Miss Gracie (Lynn Whitfield) is a very nice woman who feeds her tenants, keeps the place clean and only has the bare minimum of cockroaches running around. Also staying at her house, in addition to Benny the hustler, is Clarence (Glynn Turman) who is still waiting for his government check to arrive and the absolutely lovely Lucy (Linara Washington) who works down at the local sweat shop for the mean, evil, racist penny pinching Mr. Cheedle (Bruce McGill), and those are his good points.

But about this ‘King of the Evening’ business. Once a week the resplendent Mr. Gamba (Steven Williams) hosts an event at the local community hall were the finest gentlemen wear the finest clothes and strut their stuff to win glorious prizes and gain respect. Five dollars here, a can of peaches there… and considering that room and board at Miss Gracie’s is 25 cents a week, five dollars would’ve taken you pretty far so being crowned King of the Evening is kind of a big deal.

Meanwhile Lucy is dealing with her own set of problems in that trouble, in the form one Mr. Ramsey (James Russo), has followed her to this town from St. Louis claiming he owes her some money and Mr. Ramsey aims to get his money. Homer is a little sweet on Lucy but Lucy seems to be interested in fancy ‘King of the Evening’ styled gentlemen prompting Homer to do what he can to become one of these men. Clarence, who is probably the pure definition of what we would call ‘a loser’ today, would also like to be a King but Clarence would rather sit around and feel sorry for himself rather than do what he needs to do to regain his self respect. And so it goes.

We were watching this movie with the family, because it is family friendly, there’s a scene where the character Gracie was attempting to show the character of Clarence how to strut. That was kind of funny. It was funny to me mainly because I saw ‘J.D.’s Revenge’ and I know full well that Glynn Turman knows how to ‘strut’. Off camera Mr. Turman was probably the resident strut coach. I guess that’s why it’s called acting.

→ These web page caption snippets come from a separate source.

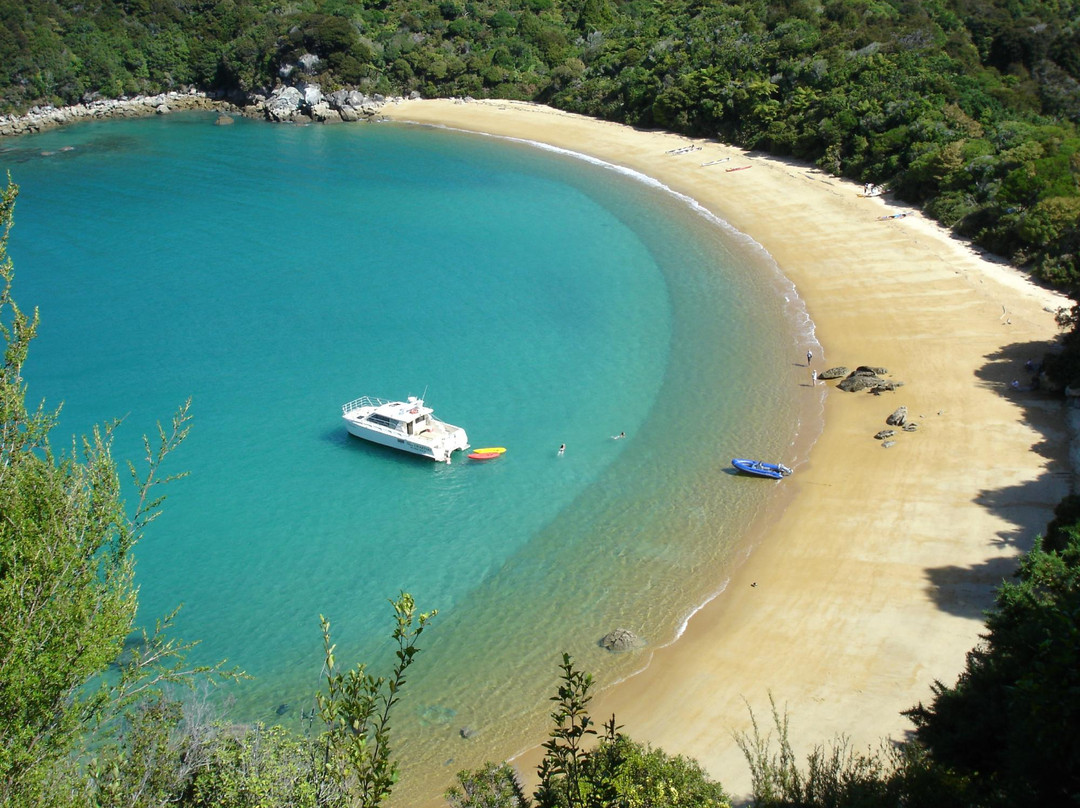 Abel Tasman Charters - Day Tours景点图片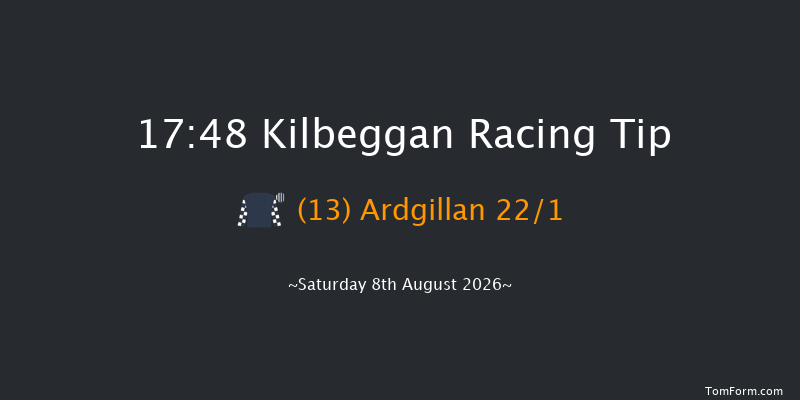 Kilbeggan 17-48 16f Sat 25th Jul 2026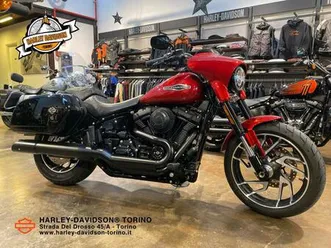 vendo harley-davidson 107 sport glide (2018 - 20) usata a torino (codice 9891189) - moto.it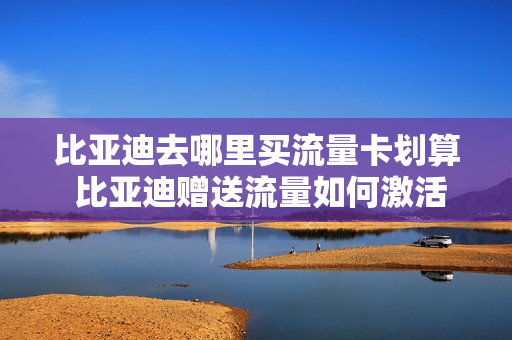 比亚迪去哪里买流量卡划算 比亚迪赠送流量如何激活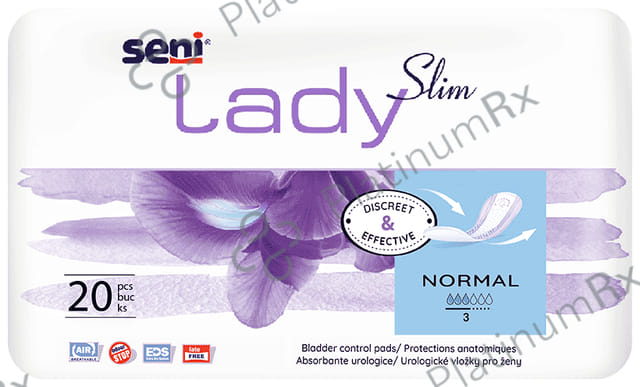 Seni Lady Slim Bladder Control Pads Normal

Anyway, one of the best things about ‘Kings of the Evening’, something that could also be leveled as this films major drawback, would be how simple this movie is. Director Andrew P. Jones, working off of a script co-written along with the director by his father Robert Page Jones, has opened a small window to this often forgotten time and allows us to look in and absorb this rich slice of life. On one hand it’s superficial. How much depth can there be in watching a bunch of grown men play dress up? But when you take into account the reasons behind their primping and preening and what it meant to these men internally just to be a part of this competition at this down time in history, not to mention what it meant to the spectators in the audience, the superficial aura slowly gets etched away.

Certainly the strength of ‘Kings of the Evening’ isn’t in the story it has to tell as the story is, at best, rudimentary, but instead it’s the strength of the characters that populate this rudimentary story where the movie gets its power. It goes without saying that these colorful characters would have to be in the care of some mighty talented actors if they are to come to life and these actors took the sparse characters they were working with and turned them into three dimensional human beings that we felt true empathy for, particularly Linara Washington and the emotional depth that she was able give to the character of Lucy. We’re also including the male supermodel in this as well. Give Tyson Beckford credit where credit is due, not only for his subtle performance but for his part in bringing this movie to light as co-executive producer.

It took a couple of years for ‘Kings of the Evening’ to find distribution… we don’t know why this could be outside of the fact that Will Smith isn’t in it, and it also looks like somebody raided my granddad’s closet, but these transgression aside ‘Kings of the Evening’ is a special film that can be enjoyed, at least on some level, by just about everybody.